Il viso di Maria si era coperto di un livido pallore, le sue manine stringevano le tempia.
— No, non è possibile: voi mentite, mentite, — balbettò con accento soffocato.
— Ah! se mi conosceste, non direste così: ve lo ripeto: colui che vi sedusse, si prese giuoco di me, di un’altra, è il marchese Tiani e per convincervi, vi dirò che l’ultima notte di carnevale, io stesso, aggredito da lui, a tradimento, infamemente, l’inseguii fino a questa strada, dove lo persi di vista.
Annetta cedendo alla sua natura piuttosto collerica, serrando i pugni e colla schiuma alla bocca.
— Ah! il miserabile — esclamò — lo sciagurato, E adesso dove si trova?
— Se lo sapessi, sarei qui? Egli è partito con la fanciulla che io amava ed ha sposata.
Queste parole furono la scintilla che diede il fuoco alla mina.
— È troppo, troppo — gridò Maria come pazza — ed io non sopporterò l’inganno tesomi.
— Credete che anch’io voglia subirlo in pace? — replicò Gabriele. — Egli non mi ha tolto solo ogni mia felicità, ma agli occhi della contessina Adriana sono apparso un essere spregevole: il marchese Diego non ha solo ordito un piano d’infamia, ma disonorato il mio nome. Se volete, ci uniremo insieme per vendicarci.

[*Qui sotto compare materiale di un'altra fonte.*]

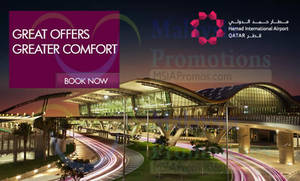 Featured image for (EXPIRED) Qatar Airways Promotion Air Fares 4 – 13 Jul 2014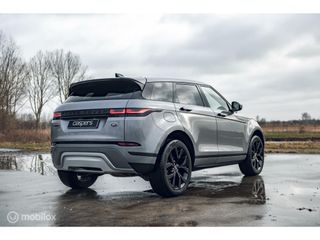 Land Rover Range Rover Evoque 2.0 P200 AWD HSE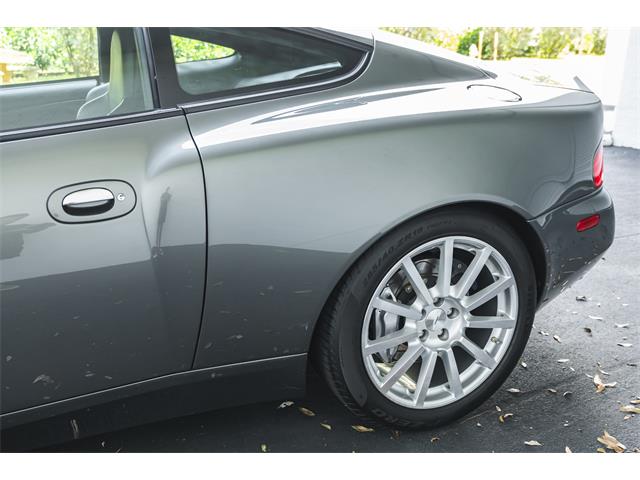 2005 Aston Martin V12 Vanquish S (CC-2097128) for sale in Jupiter, Florida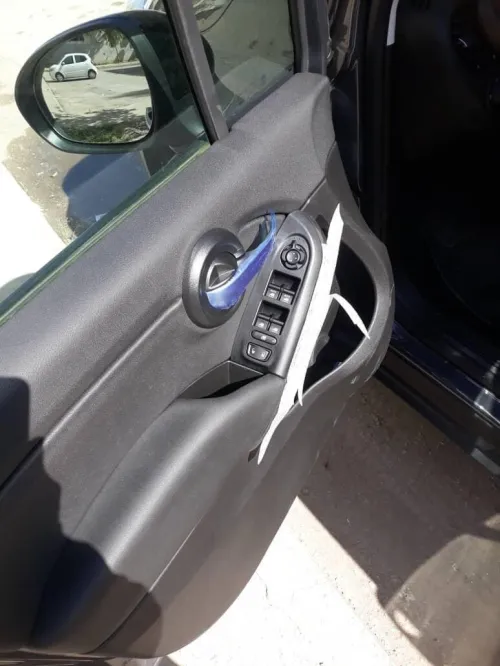 Fiat 500x 2025 CULTE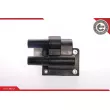 Bobine d'allumage ESEN SKV 03SKV039 - Visuel 1
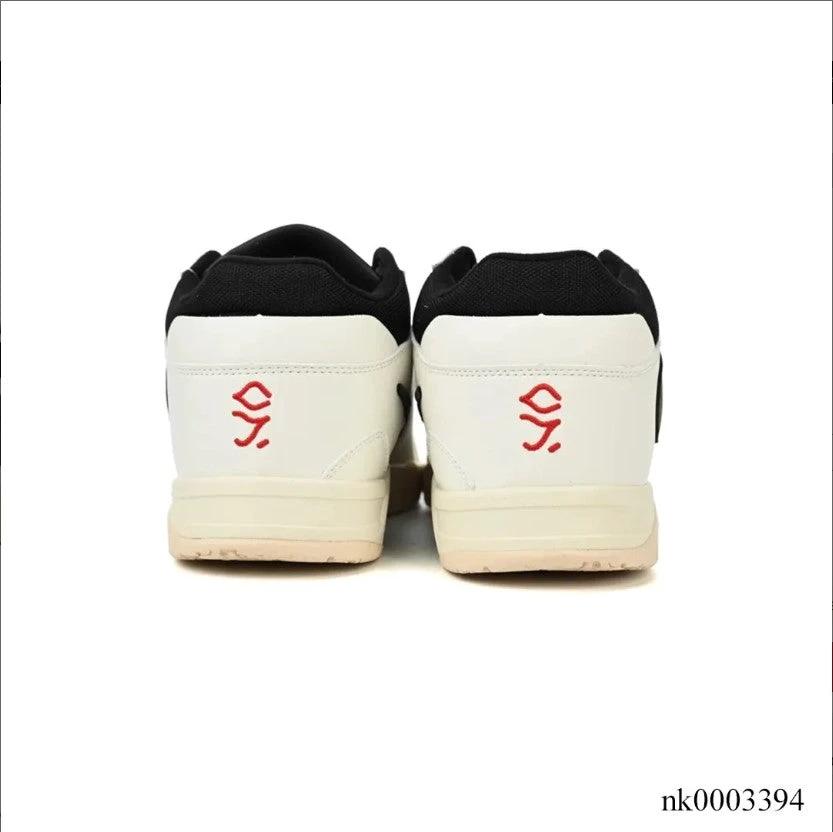 Travis Scott x Jumpman Jack “Olive” Shoes Sneakers by Air Jordan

— Accetto! — proruppe Maria con accento selvaggio, tendendo la mano al giovane.
Annetta non poteva superare il suo furore.
— Ma intanto tu disgraziata — esclamò con impeto — rimarrai colla tua vergogna... ed io non potrò più guardarti senza arrossire di te, che ingannasti la mia fiducia, la mia tenerezza.
A queste parole, la bella guantaia sentì stringersi il cuore dall’angoscia, dal rimorso; una nebbia le calò sugli occhi e non avendo la forza di rispondere, diè un gemito e cadde svenuta fra le braccia della popolana. Questa rimase sconcertata, sentì svanire tutta la sua collera e coprendo il pallido viso della fanciulla di baci e lacrime.
— Maria... Maria, guardami — mormorò — sono tua madre... che ti ama sempre, ti perdona.
Ella aprì gli occhi e con voce debole, ansiosa:
— È proprio vero? — chiese. — Non mi discacci da te?
— No, mia cara... ma a quel cattivo arnese che ti ha disonorata, vedi, non posso perdonare.
Maria si rialzò.
— Nè io lo voglio! — disse risoluta, pensando ai mezzi iniqui, coi quali Diego si era impossessato di lei.
Gabriele si era lasciato cadere su di una seggiola, perchè le forze l’avevano tradito; ma i suoi occhi si volgevano con pietà e simpatia verso la giovane guantaia.
Egli rimase più di un’ora presso le due donne per concertarsi su quello che dovevano fare e quando si ritirò, Maria ricadde singhiozzando tra le braccia della madre...
— Oh! quanto soffro! — mormorò...
— Coraggio, Maria, coraggio; ci sono sempre io vicino a te e quand’anche tutti ti disprezzassero, io ti difenderò sempre.
Un singhiozzo straziò il petto della guantaia.
— Quanto sei generosa! Ma vedi! Se tutto ciò che mi ha rivelato quel giovane è la verità, colpirò quell’infame che ha distrutta la mia esistenza, mi ha spezzato il cuore.
L’espressione sinistra con cui furono pronunziate queste parole, spaventarono la popolana.
— Commetteresti un delitto?
— Non so nulla, ma mi ribello contro il destino al quale il miserabile mi ha condannata e se avrò da condurre una vita di sofferenze, egli la dividerà con me, te lo giuro!